All-Ireland Under-21 Hurling Championship 1973

All Ireland Champions
- Winners: Cork (6th win)
- Captain: Martin O'Doherty

All Ireland Runners-up
- Runners-up: Wexford

Provincial Champions
- Munster: Cork
- Leinster: Wexford
- Ulster: Antrim
- Connacht: Not Played

= 1973 All-Ireland Under-21 Hurling Championship =

The 1973 All-Ireland Under-21 Hurling Championship was the 10th staging of the All-Ireland Under-21 Hurling Championship since its establishment by the Gaelic Athletic Association in 1964.

Galway were the defending champions, however, they were defeated by Cork in the All-Ireland semi-final.

On 11 November 1973, Cork won the championship following a 2–10 to 4–2 defeat of Wexford in the All-Ireland final. This was their sixth All-Ireland title in the grade and their fifth in six championship seasons.

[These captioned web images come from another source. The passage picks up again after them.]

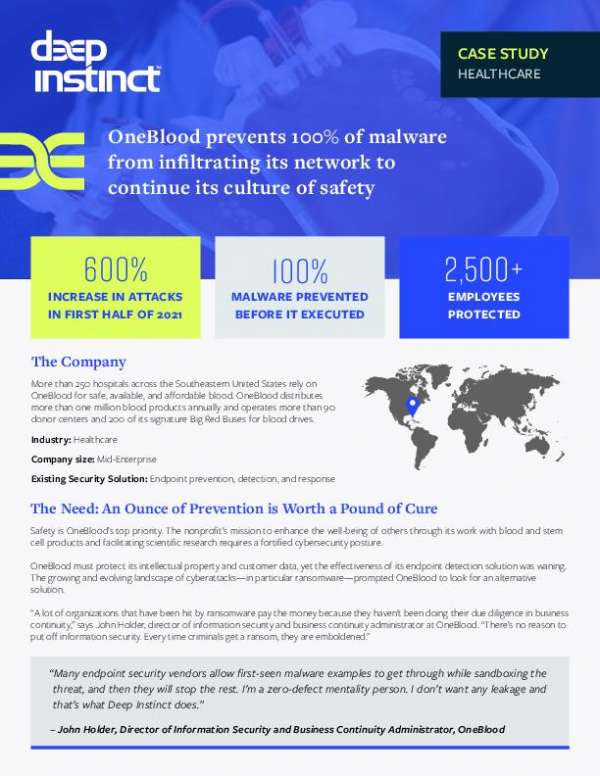 You are currently viewing OneBlood Prevents 100% of Malware from Infiltrating Its Network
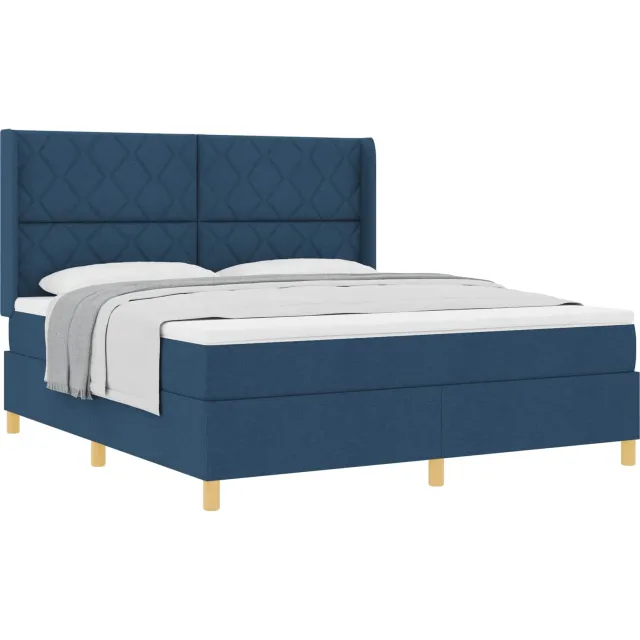 vidaXL Boxspringbed met hoofdeinde Blauw 180 x 200 cm Stof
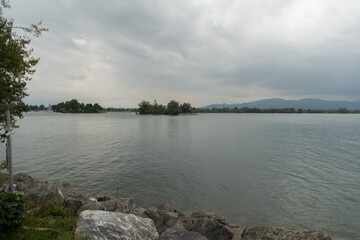 Lake of Constance on an overcast day in Bregenz in Austria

==Munster Under-21 Hurling Championship==
===Munster quarter-finals===

26 April 1973
Waterford 2-08 - 3-09 Cork
  Waterford: T Hunt 1-1, B Landers 1-1, T Reid 0-4, L Power 0-1, J Galvin 0-1.
  Cork: T Sheehan 3-6, S O'Leary 0-3.
2 May 1973
Tipperary 1-09 - 1-05 Clare

===Munster semi-finals===

4 July 1973
Tipperary 2-08 - 2-09 Cork
  Tipperary: J Kehoe 0-6, M Young 1-0, P Fanning 1-0, J Kane 0-1, J Sherlock 0-1.
  Cork: T Sheehan 0-6, D Relihan 1-1, J Barry-Murphy 1-0, S O'Leary 0-2.

===Munster final===

8 August 1973
Cork 4-11 - 2-07 Limerick
  Cork: T Sheehan 2-5, D Relihan 2-2, J Barry-Murphy 0-1, S O'Leary 0-1, J Buckley 0-1, T Crowley 0-1.
  Limerick: F Ryan 1-2, D O'Sullivan 1-0, V O'Donoghue 0-3, J Curtin 0-1, B Neenan 0-1.

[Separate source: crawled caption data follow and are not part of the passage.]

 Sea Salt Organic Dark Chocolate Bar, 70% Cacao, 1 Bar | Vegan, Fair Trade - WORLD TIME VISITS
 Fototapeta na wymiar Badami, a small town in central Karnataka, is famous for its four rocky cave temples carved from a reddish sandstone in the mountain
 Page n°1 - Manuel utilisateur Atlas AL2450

==All-Ireland Under-21 Hurling Championship==
===All-Ireland semi-finals===

12 August 1973
Wexford 2-09 - 0-07
(match abandoned) Antrim
28 October 1973
Galway 1-08 - 2-16 Cork
  Galway: G Holland 1-0, I Clarke 0-2, M Connolly 0-2, M Coen 0-2, PJ Molloy 0-2.
  Cork: S O'Leary 2-14, S Buckley 0-1, T Murphy 0-1.

===All-Ireland final===

11 November 1973
Cork 2-10 - 4-02 Wexford
  Cork: S O'Leary 0-5, T Fogarty 1-1, T Sheehan 1-0, P Kavanagh 0-3, J Barry-Murphy 0-1.
  Wexford: J Allen 2-0, S Storey 1-0, N Walsh 1-0, PJ Harris 0-2.

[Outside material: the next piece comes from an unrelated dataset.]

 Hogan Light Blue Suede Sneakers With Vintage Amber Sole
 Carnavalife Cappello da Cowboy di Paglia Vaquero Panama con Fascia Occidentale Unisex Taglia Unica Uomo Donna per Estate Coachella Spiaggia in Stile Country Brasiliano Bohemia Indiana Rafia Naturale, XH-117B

==Championship statistics==
===Miscellaneous===

- The All-Ireland semi-final between Wexford and Antrim was abandoned by the referee ten minutes from the end when a fracas broke out. An official from the Antrim County Board also refused to cooperate with journalists after claiming that his team were afforded a poor reception at Wexford Park.
- The All-Ireland semi-final between Cork and Galway was postponed twice before eventually being played on 28 October 1971.